I became curious about one such strange decision when I was trying to pick a color for a custom activity designer for a Windows Workflow Foundation custom activity. Only programmers will see this activity, so I wasn't particularly concerned with the overall aesthetics. I decided on a whim that I would shoot for some sort of green since I hadn't seen too many green activities yet.
I looked through the list of system colors predefined in the System.Drawing.Color structure, when I spotted this:
Lime and Lime Green? What in the heck is the difference?
| Lime |
Lime Green |
| |
|
| #00ff00 |
#32cd32 |
Ok, so they are different, but why do we need two different colors for limes? Aren't limes green (most of the time), so isn't LimeGreen redundant? I did a quick check on the Intertron to verify this.
A short search revealed that, by and large, limes are indeed green. Now, of course I don't expect that the Windows system colors will have such specific differentiation you can get when buying expensive designer paint ("Nairobi at Dusk" and "Long John Red" are just a few of the fun names you'll find in the Ralph Lauren paint palette), but seriously... lime and lime green? When was this decision made, by whom, and why? I did my best to find out.
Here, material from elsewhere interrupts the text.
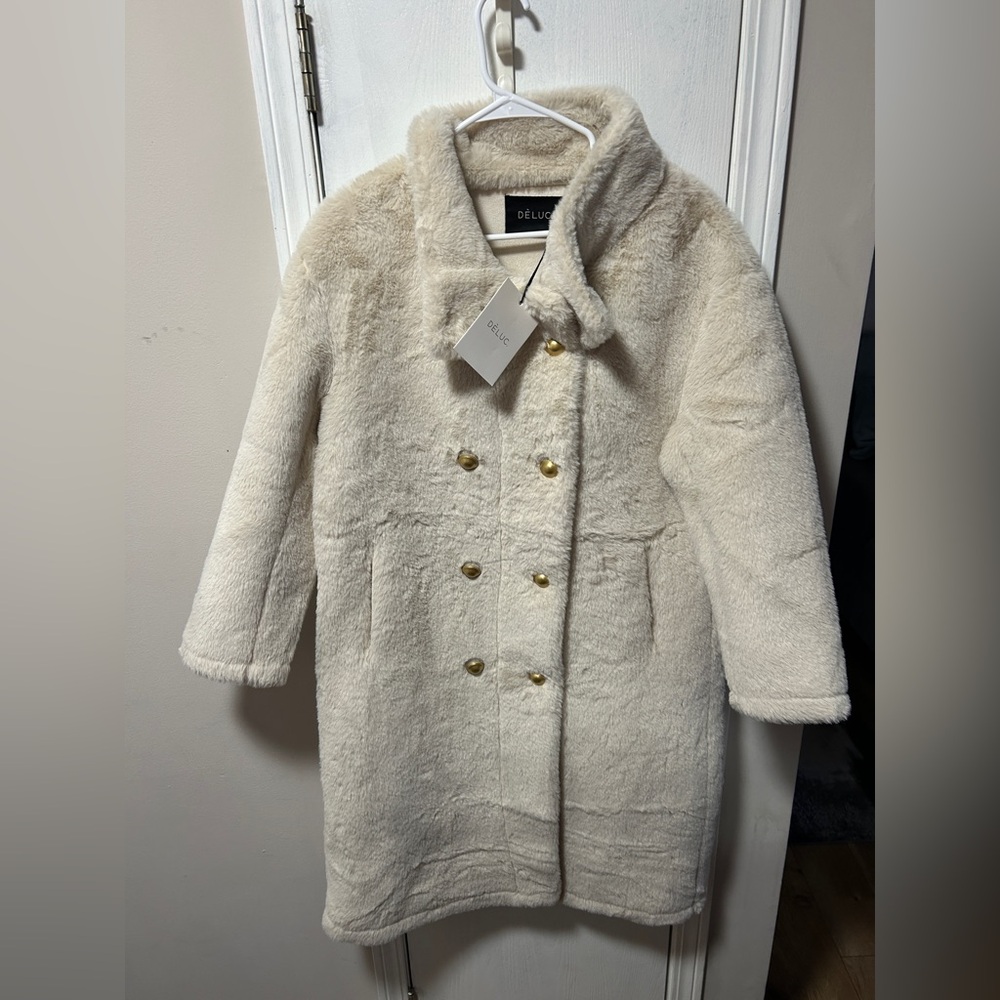 Deluc Women's Cream fur Jacket with Gold Buttons NWT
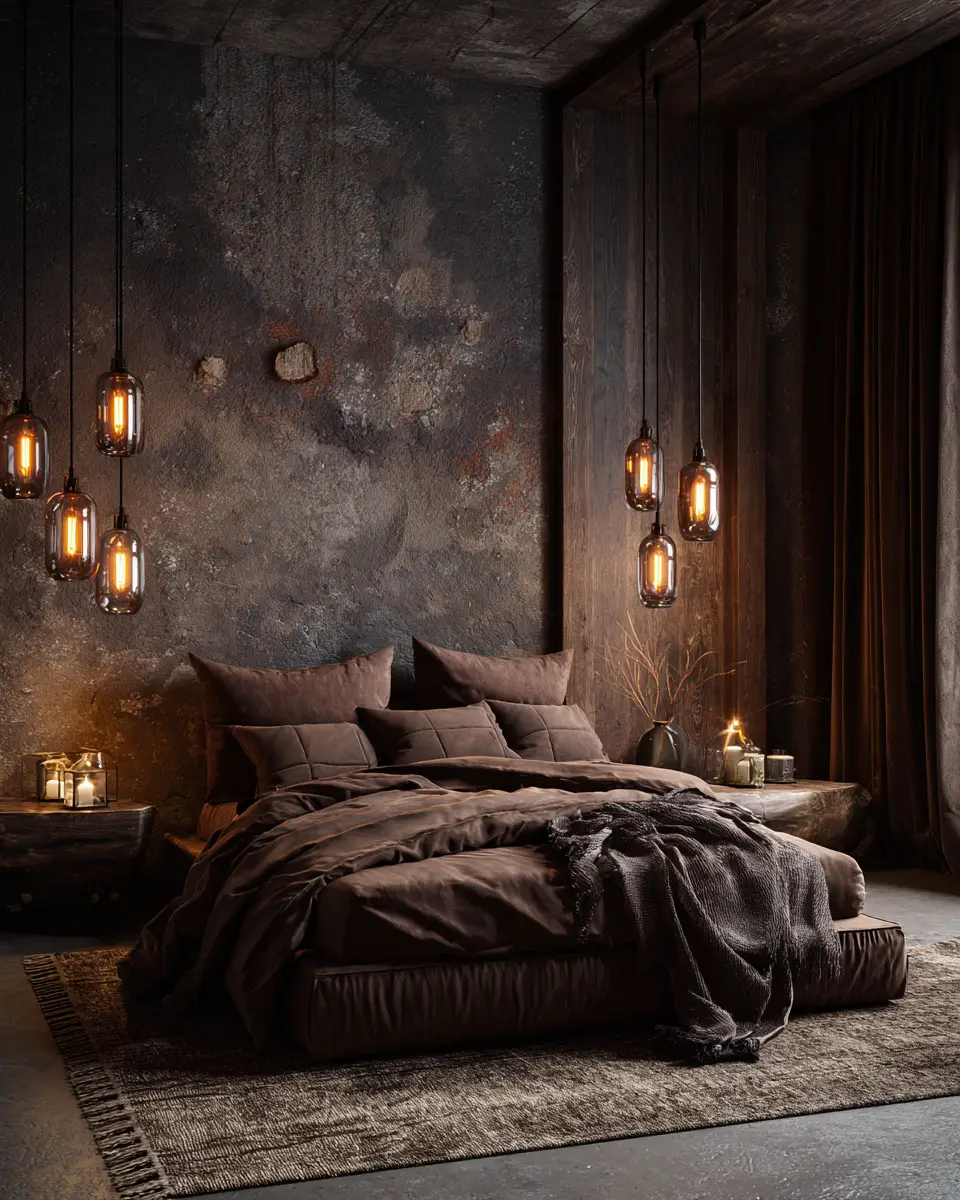 Chocolate Brown Rustic Bedroom Decor Ideas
The colors that are predefined here are nearly identical to those used by the X Window System. Why on earth would Microsoft choose to predefine a set of 140 colors so that they would match up with those chosen in a Unix GUI framework written sometime around when I was born?
Well, as it so happens, the first browsers (Mosaic, Netscape, etc) were first developed for X Windows and then ported over to Windows. Since web developers had already started making HTML pages with color descriptions like "Saddlebrown" and "Red" from the X11 color names, the colors had to come over to the Windows version, too. This led to a semi-standardization of named colors on the Internet which has been used in all browsers since, including Internet Explorer.
So, it follows that when the writers of the .NET Framework were coming up with a set of named colors to use, they would use something pervasive. I'm definitely thankful for this.
How did the X11 color set come to include "Lime" and "LimeGreen"? Who knows! X Windows has been contributed to by many different parties and there was probably very little discussion about the overall strategy for color names.
For me as a developer, two green colors with the label "lime" attached to them is confusing, but the decision was made so that compatibility with the web would be easy to preserve. Even though usability suffers a little bit, the ends probably justify the means.
I think "LimeGreen" is closer to the color of a lime, but maybe that's just me.